Philippe Royer, agriculteur à Saint-Aignan, dans la Sarthe « Rien ne justifie une telle violence »
Philippe Royer, 57 ans, a été tabassé le 27 août dernier pour avoir épandu du lisier.
Vous avez été violemment agressé fin août par un habitant de la commune, pour une histoire d’épandage de lisier. Pouvez-vous nous raconter comment c’est arrivé ?

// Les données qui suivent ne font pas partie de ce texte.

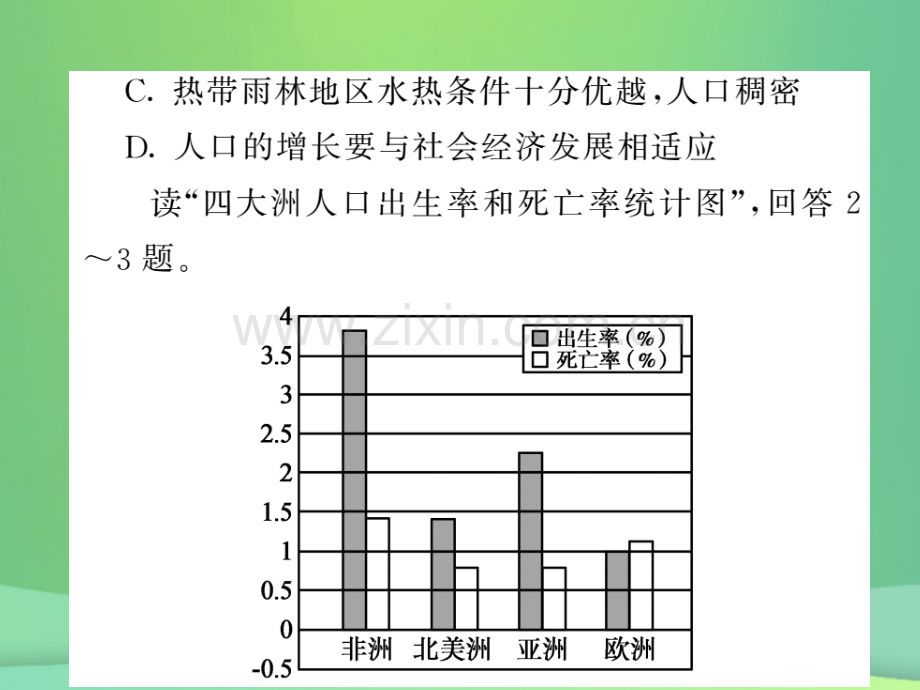 2018秋七年级地理上册-第3章-世界的居民章末综述习题优质湘教版.ppt_第3页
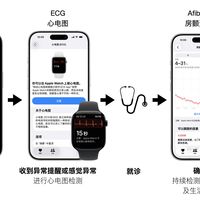 手表报「疑似房颤」，七成是误报？对完央视热搜、中华医学会首个指南和JACC一份437人试验，怎么处理分三种人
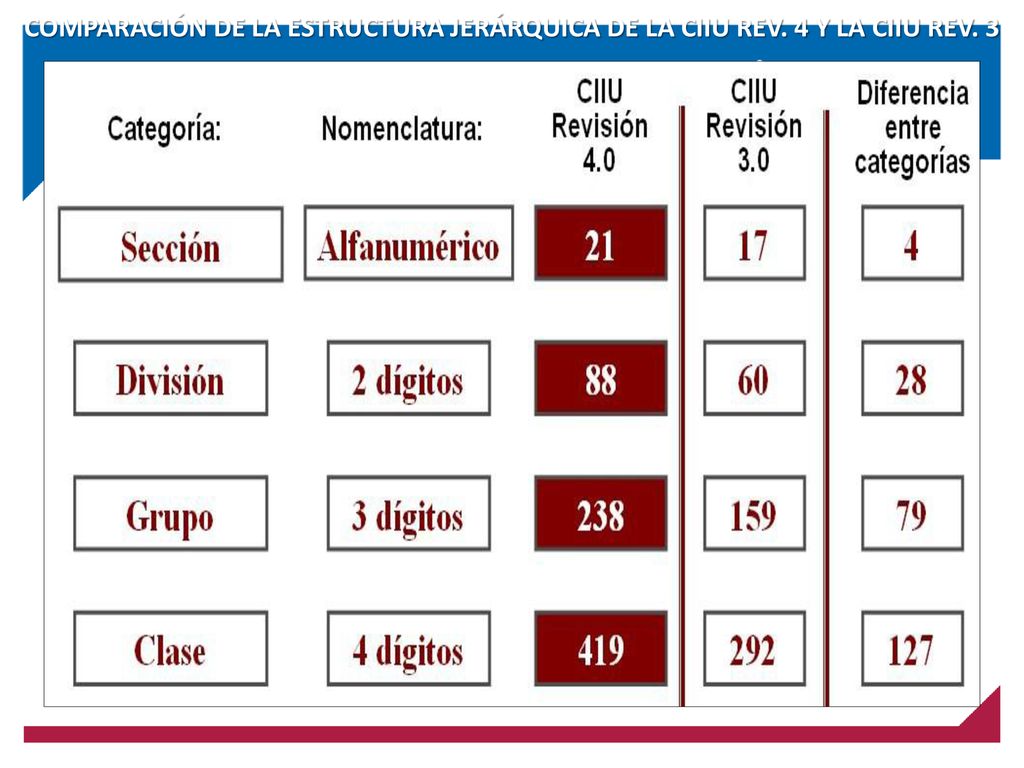 COMPARACIÓN DE LA ESTRUCTURA JERÁRQUICA DE LA CIIU REV. 4 Y LA CIIU REV. 3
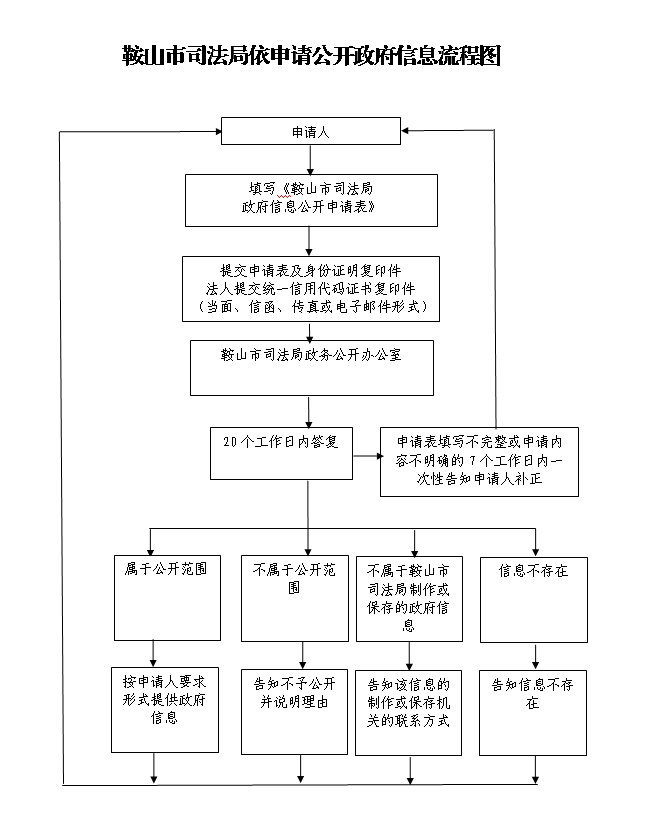 企业微信截图_16123144778073.png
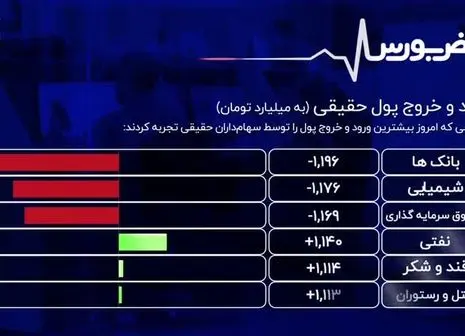 سهم‌های تاثیرگذار بورس امروز کدام بودند؟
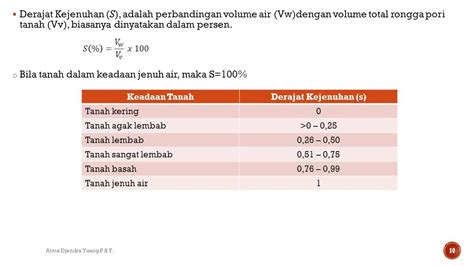 Mekanika Tanah I Ppt Download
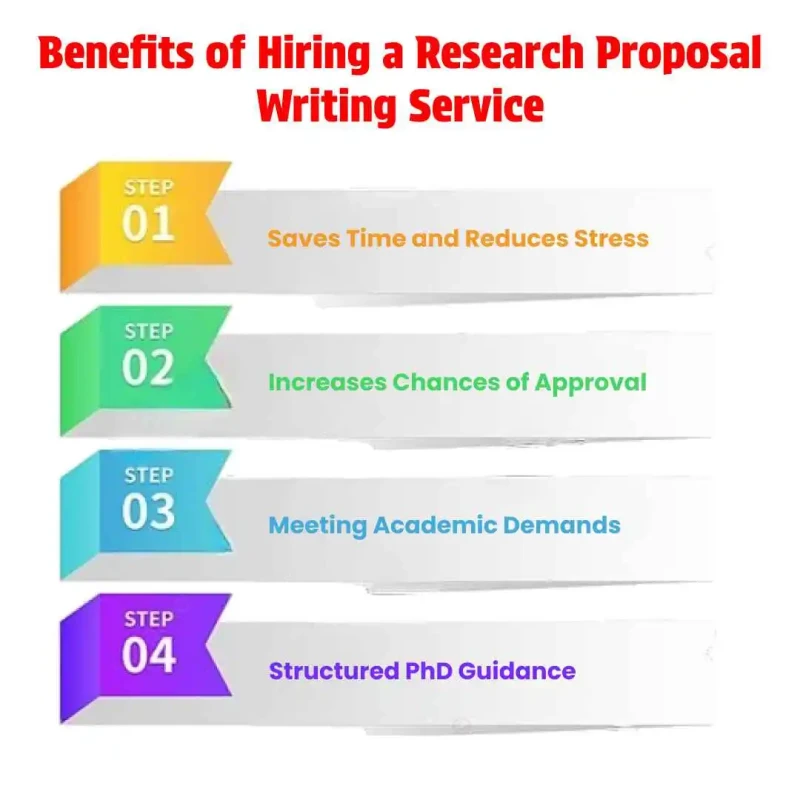 Benefits of hiring a research proposal writing service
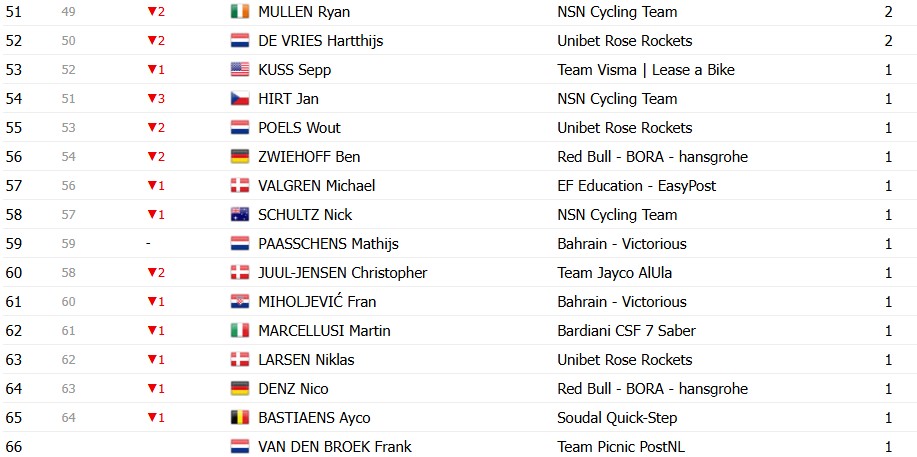 Giro d’Italia 2026: Classificação Geral após a 16ª etapa, Jonas Vingegaard amplia a liderança com mudanças no top 3, confira as classificações completas 20 girodociclismo.com.br giro ditalia 2026 classificacao geral apos a 16a etapa jonas vingegaard amplia a lideranca confira as classificacoes completas image 16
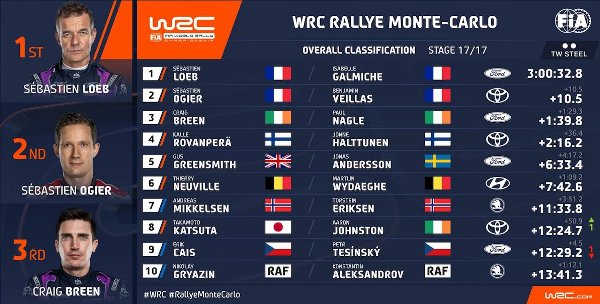230122_WRCTV-Overalls-MonteCarlo-2022_001.jpg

Philippe Royer : Tout simplement, on venait d’envoyer notre lot de veaux le mercredi dans la nuit. Le jeudi matin, on s’est mis à épandre le lisier sur des prairies. J’avais pris soin de prévenir la mairie avant. J’avais même appelé la Chambre d’agriculture pour m’assurer que j’étais bien dans les règles au niveau du calendrier d’épandage, comme ça change tout le temps. Un habitant de la commune n’a pas arrêté de m’appeler le matin pour se plaindre des odeurs, me traiter de pollueur... Je lui ai proposé d’aller le voir chez lui en début d’après-midi pour lui expliquer les règles et nos contraintes de travail. Avant d’y aller, je suis passé à la mairie pour déposer les clés d’une salle que j’avais utilisée la veille. Et là, le gars a déboulé à la mairie, s’est mis à m’insulter et sans que j’aie pu en placer une, il s’est jeté sur moi et m’a donné des coups de poing et des coups de pied à l’abdomen et au visage. Je me suis protégé comme j’ai pu. Aucune discussion n’était possible. C’est le premier adjoint qui était dans les parages, qui est intervenu pour nous séparer. Et franchement, je le remercie parce que sans lui je ne sais pas où ça se serait arrêté. J’ai été admis aux urgences. C’est la gendarmerie qui, en venant me trouver à la maison après, a appelé une ambulance. J’avais le visage tuméfié.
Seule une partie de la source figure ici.